Como Isaías na série que conta a história do feminejo – o sertanejo feminino – Mouhamed conta a influência e a importância de Marília Mendonça para o elenco.
“Foi uma alquimia muito feliz entre um coletivo que deu muito certo. Isso nos empurrou a contar a história, e no meio de tudo isso ainda teve a tragédia com a Marilia Mendonça, o que fez com que a gente tivesse ainda mais vontade, porque ela inspirou muito a todos nós, estava muito presente na série, porque ela faz parte de uma liderança desse movimento, dessa nova geração”, revelou.
Em entrevista exclusiva ao RD1, o ator falou sobre os novos projetos, o processo de preparação para o personagem goiano e sua carreira musical.
Confira a entrevista com Mouhamed Harfouch:
RD1 – Como surgiu o convite para Rensga Hits?
Mouhamed Harfouch – Eu estava fazendo a novela Nos Tempos do Imperador, e recebi o convite pra fazer Rensga. Terminei a novela e corri para casa pra fazer a leitura online do roteiro. Saí do Diego e entrei no Isaias. A primeira vez que ouvi falar de Rensga foi com a diretora Carol Durão, que também fazia parte de Uma Pitada de Sorte, o longa que estou estreando agora.
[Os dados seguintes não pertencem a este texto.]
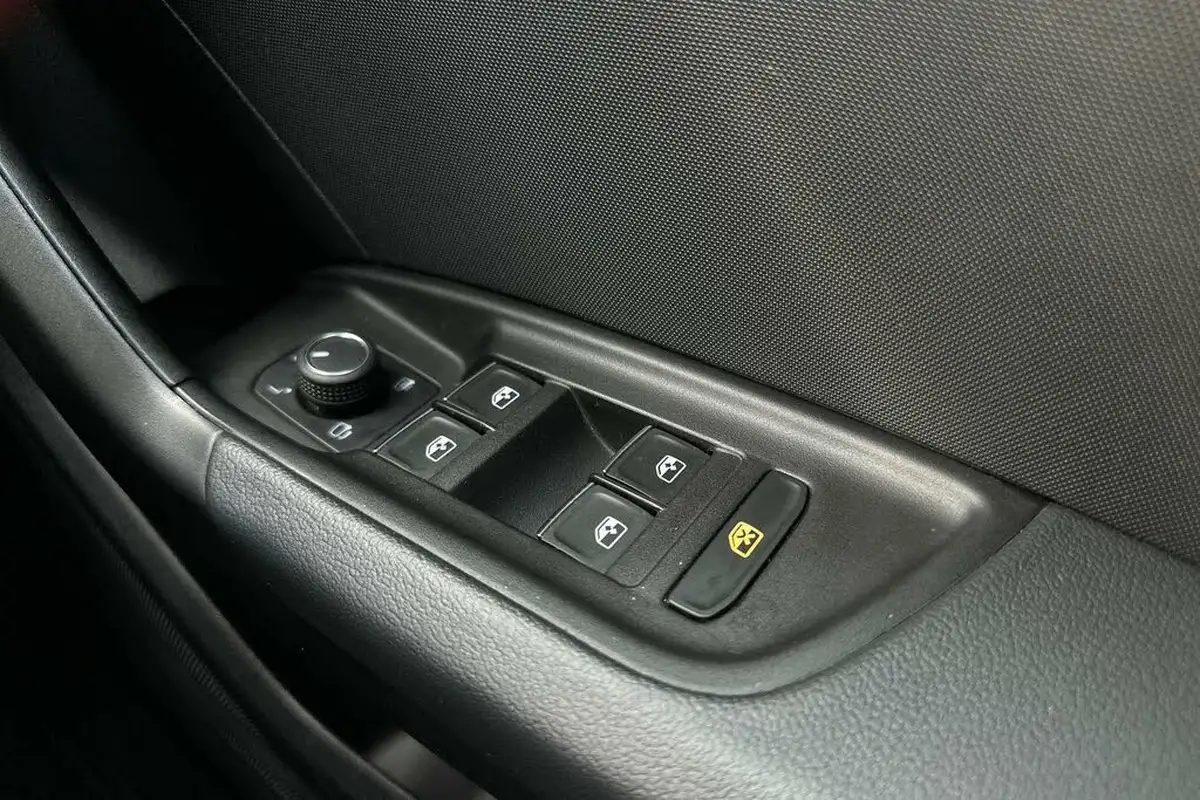 2022-audi-a1-10-30-tfsi-s-line-tronic-big-40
Outra coincidência foi que nesse filme eu faço par romântico com a Fabiana Karla, que também está em Rensga Hits. Me pediram até um vídeo tocando e cantando e foi muito bacana porque é o universo da música que eu adoro e é sempre bom emendar um trabalho no outro, quando é algo que te desafia, que é estimulante.
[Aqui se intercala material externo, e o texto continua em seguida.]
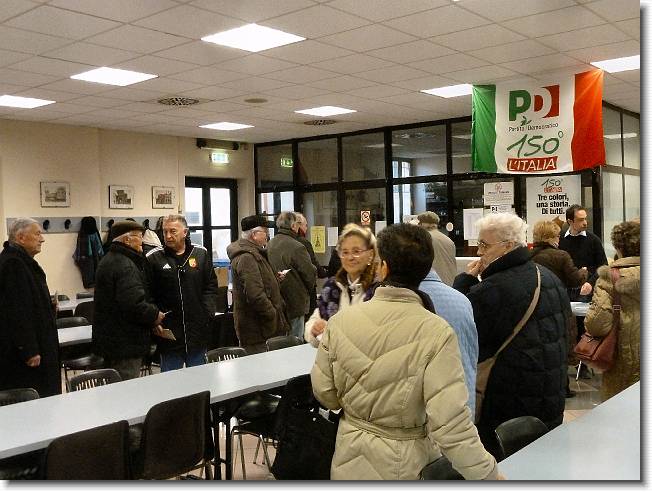 Clicca per scorrere le foto originali ingrandite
E como se preparou para dar vida a Isaias?
Eu tive muita preparação, a série caprichou muito com aulas de prosódia, e eu tive aula de violão, de canto, fonoaudióloga, e tudo isso em Goiânia. Fui um mês só pra me preparar. Eu andava por lá praticando o meu sotaque, conversava com todo mundo como se fosse um goiano.
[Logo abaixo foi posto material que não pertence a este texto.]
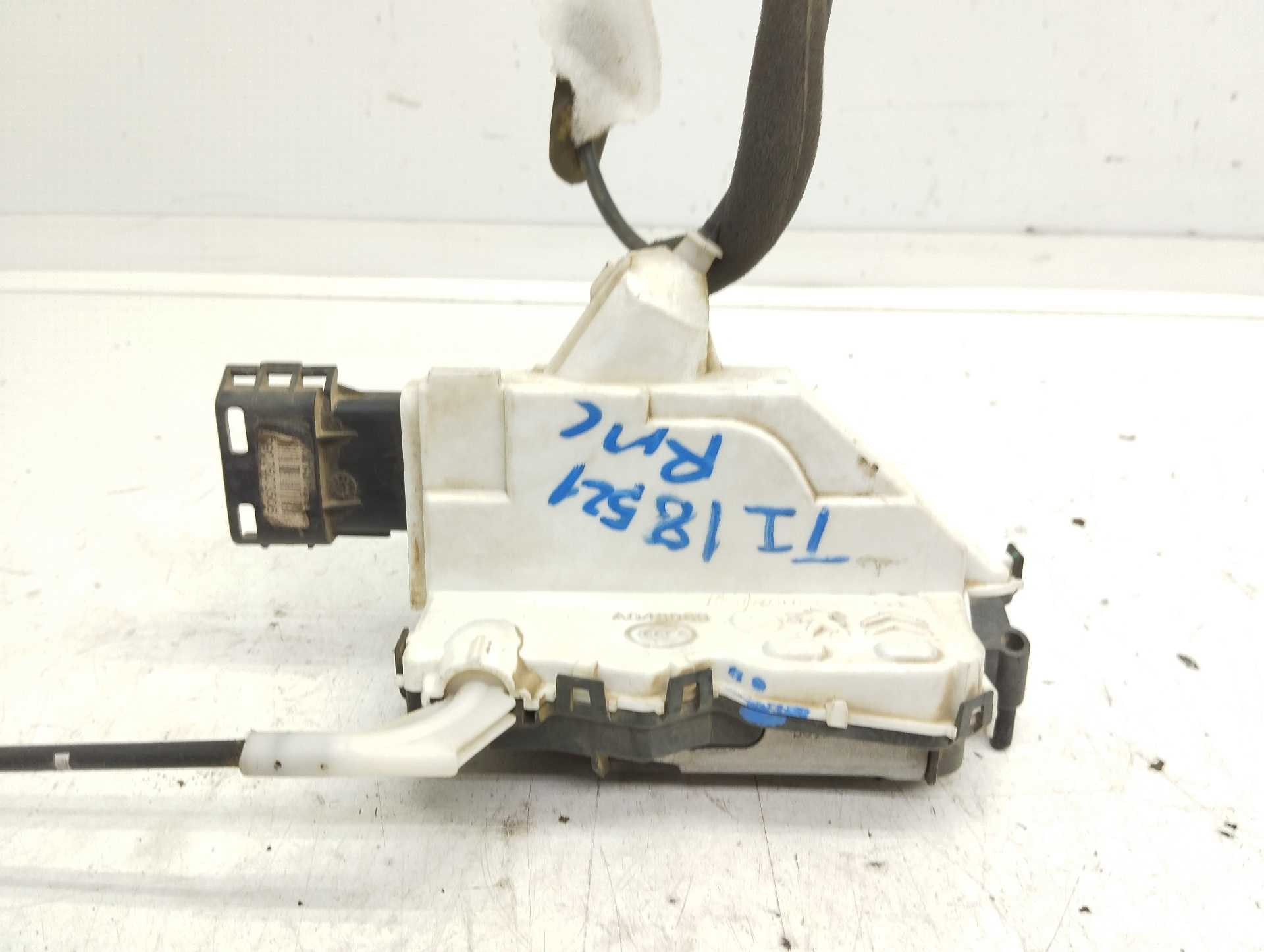 Recambio de cerradura puerta trasera izquierda para citroën c3 tonic referencia OEM IAM PSA006248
Minha preparação se deu toda lá, num calor de rachar, pegamos uma umidade de 11%, muito seco, não chovia há 3 ou 4 meses em Goiânia. Eu já toco violão, mas foi mais pra pegar essa batida do sertanejo, essa musicalidade, o estilo de cantar e fazer essa imersão nesse universo. Eu procurei dar muita verdade pra não ficar no caricato.
Gostei muito de estar lá, poder conviver com o pessoal e trocar ideias. Às vezes eu pegava um táxi e ia a corrida toda conversando como se fosse goiano, e no final eu agradecia como carioca. Até o motorista estranhava, achava que eu era de lá. Foi muito divertido.
Quando começou a ler e a gravar a série, já sabia que seria esse sucesso?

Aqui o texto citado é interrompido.